Летом 1916 года по проекту генерала Гурко, призванного на пост начальника штаба Верховного главнокомандующего[323]
, решено было переформировать корпуса из двухдивизионного в трехдивизионный состав; для чего из существующих полков целиком выделить по одному батальону с соответственным числом офицеров, повозок обоза и прочим и, пополнив как новые, так и старые полки из запасных батальонов, довести их до нормальных штатов четырехбатальонного состава[324].Время для этого переформирования выбрано было, по-видимому, удачно: противник был занят боями на Западном фронте и активности на нашем фронте не проявлял; но для переформирования этого мы не имели ни достаточного числа надежных штаб-офицеров на должности командиров полков, ни генералов на должности начальников дивизий, ни даже ротных командиров. Получились новые полки без всякой спайки, традиции; разрослись штабы, обозы и тыловые учреждения, и без того уже громоздкие в нашей армии, упала и дисциплина. Я считаю, что с этого времени, собственно, и нужно считать начало разложения нашей армии, и тем более что в массе пришедшего из тыла к нам пополнения появилось много распропагандированных младших офицеров и нижних чинов.

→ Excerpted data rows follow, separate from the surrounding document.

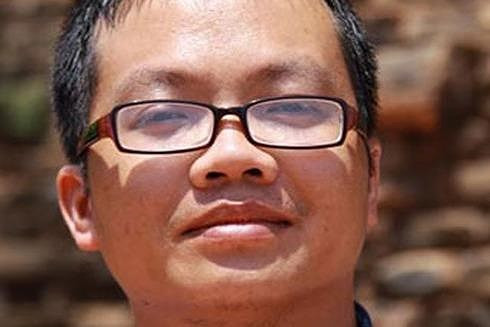 Những bức tường đá cổ ở phố Phùng Hưng chất chứa một Hà Nội nhuốm màu thời gian ảnh 3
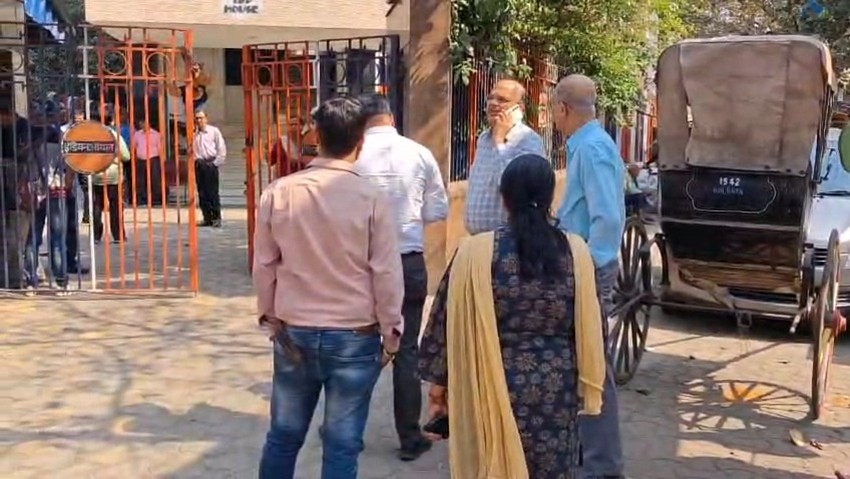 Residents Evacuate Buildings as Afternoon Earthquake Shakes Kolkata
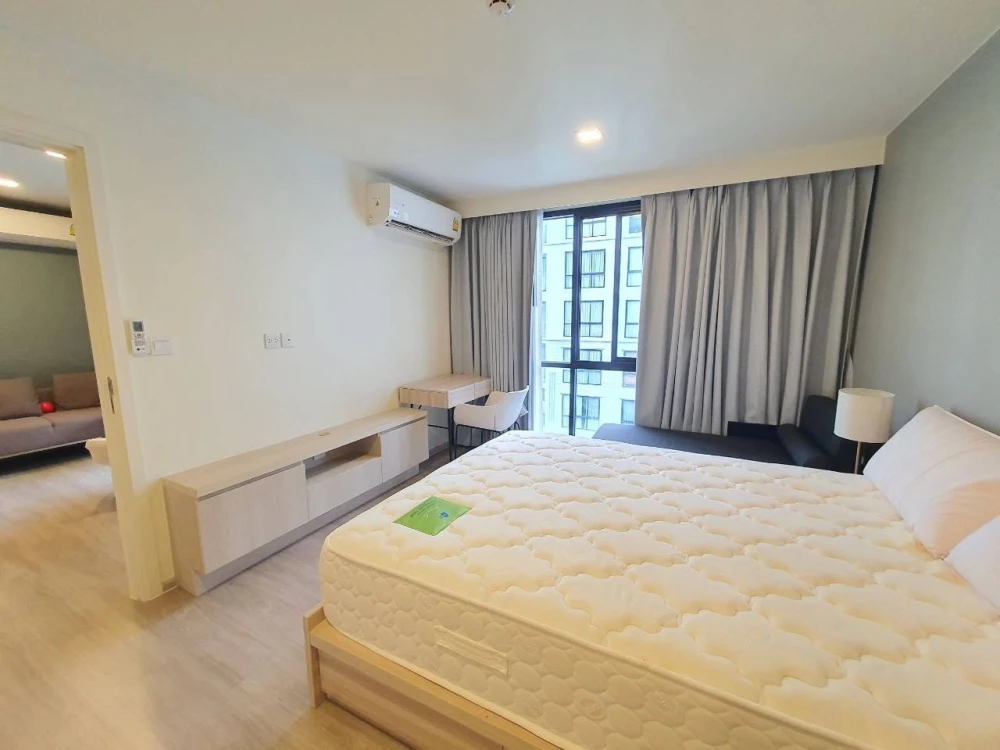 ให้เช่า Maestro 03 Ratchada-Rama 9 ห้องใหญ่ แบบ 2 ห้องนอน 2 ห้องน้ำ เฟอร์นิเจอร์ครบ น่าอยู่สุดๆ
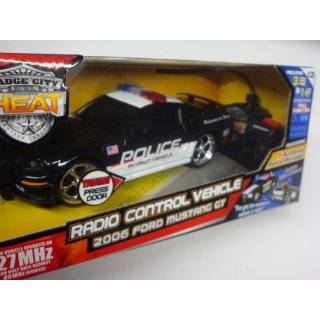 Bigtime 2006 Ford Mustang Remote   Radio Control Black & White Highway 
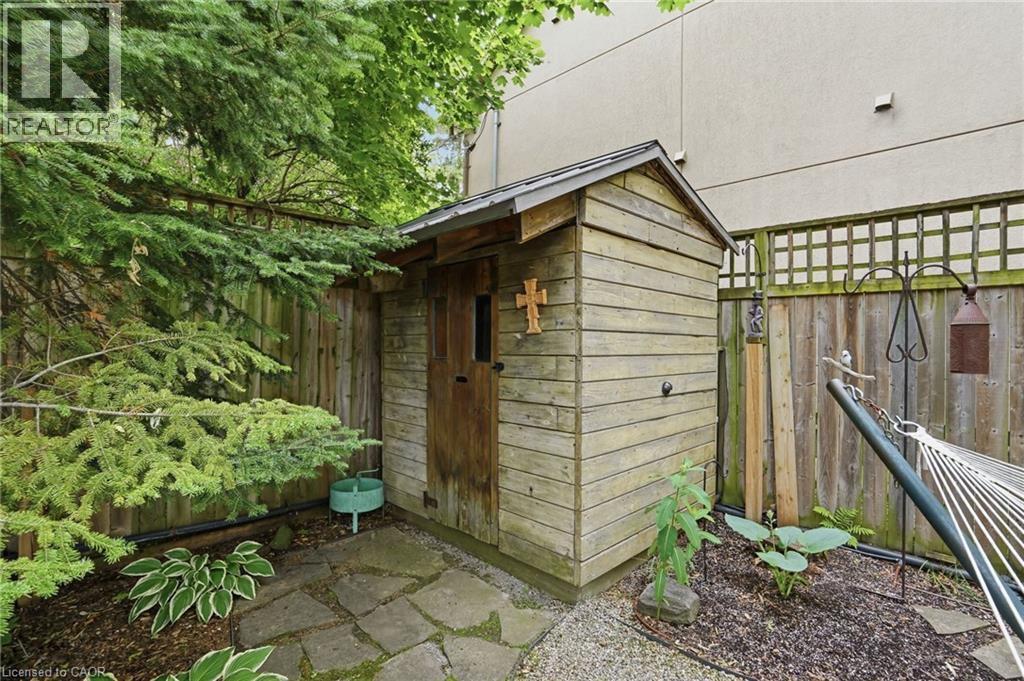 2116 Caroline Street, Burlington, ON - Outdoor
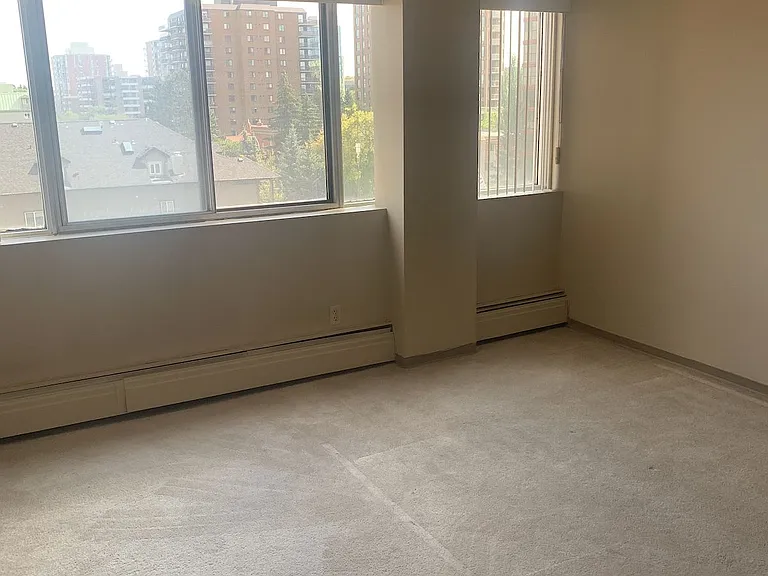 330 25th Ave SW — Photo 12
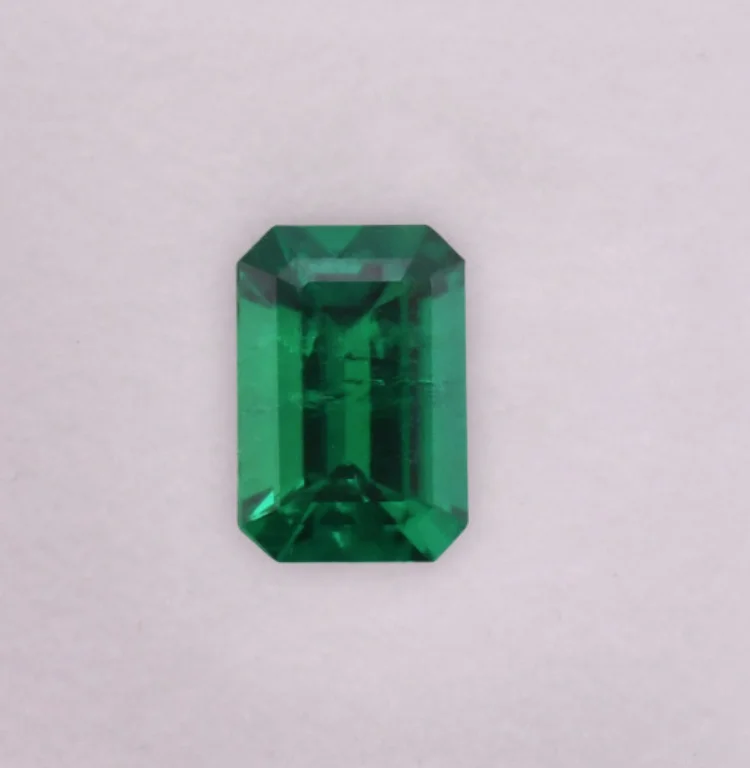 
TOP DELUXE SHADE VVS Green COLOMBIAN Emerald Emerald Shape Minor, CD Switzerland Lab Certified Loose Gemstone Precious Stone 
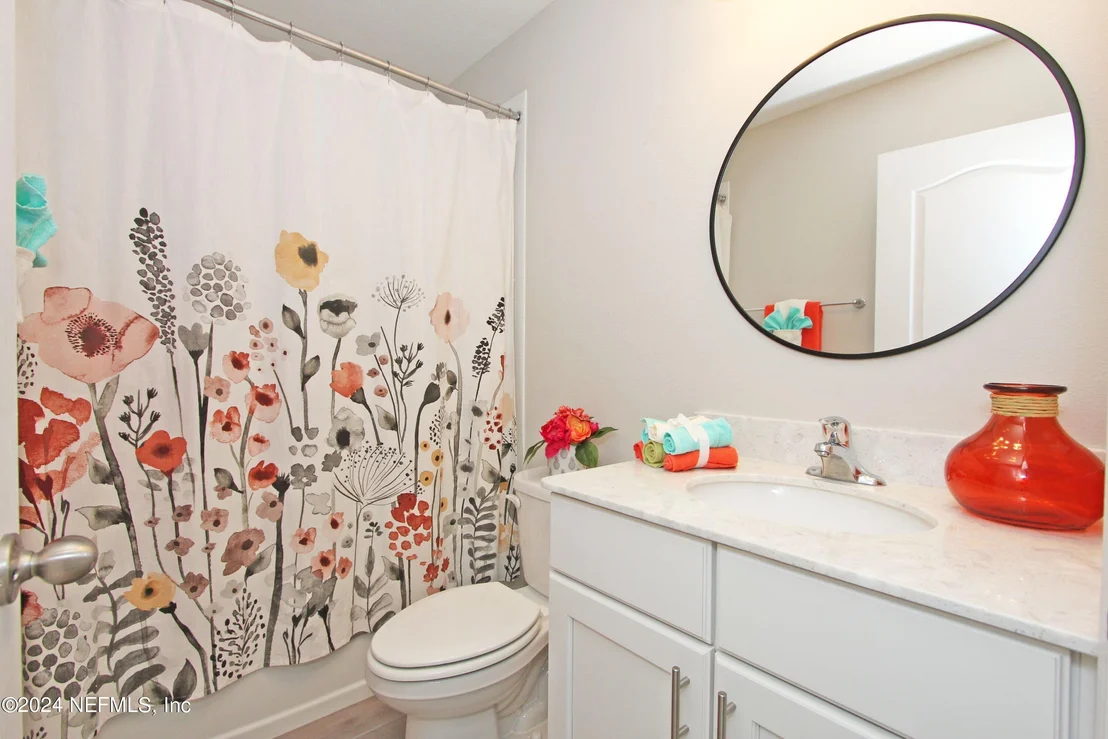 Photo of 242 SILVERLEAF VILLAGE Drive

Среди лета ушла от нас 3-я стрелковая дивизия[325]
со своей артиллерией, ее место заняла вновь сформированная 184-я пехотная дивизия, не имевшая своей артиллерии, – пришлось для нее надергивать батареи из 1-й Кавказской стрелковой и 60-й пехотной дивизий.Переформирование это не мешало продолжению фортификационных, дорожных, мостовых и других работ, к которым в этом году кроме войск были привлечены еще и рабочие батальоны, дорожные команды из туркестанских инородцев, громадные артели плотников, гидротехников, полевая лесопилка с особой командой по рубке и сплаву леса и т. д., и т. д. Тыл наш разросся до громадных размеров, превосходя своей численностью число бойцов. Полицейские средства штаба корпуса были в полном несоответствии с требованием времени и обстановкой.
Боев на фронте все это время не было, если не считать борьбы 60-й пехотной дивизии с немцами из-за обладания передовым пунктом позиции у деревни Епукин, переходившим из рук в руки, и минной войны на Дегмерском перешейке, где наши окопы были в непосредственной близости от окопов противника.
Но Петроград, с Государственной думой, с распутиновской историей[326]
и белобилетниками[327], призванными в запасные батальоны к отбыванию воинской повинности, по-прежнему снабжал нас самыми невозможными, возмутительными вестями и не давал покоя!Вспоминаю о случае, имевшем место в штабе корпуса.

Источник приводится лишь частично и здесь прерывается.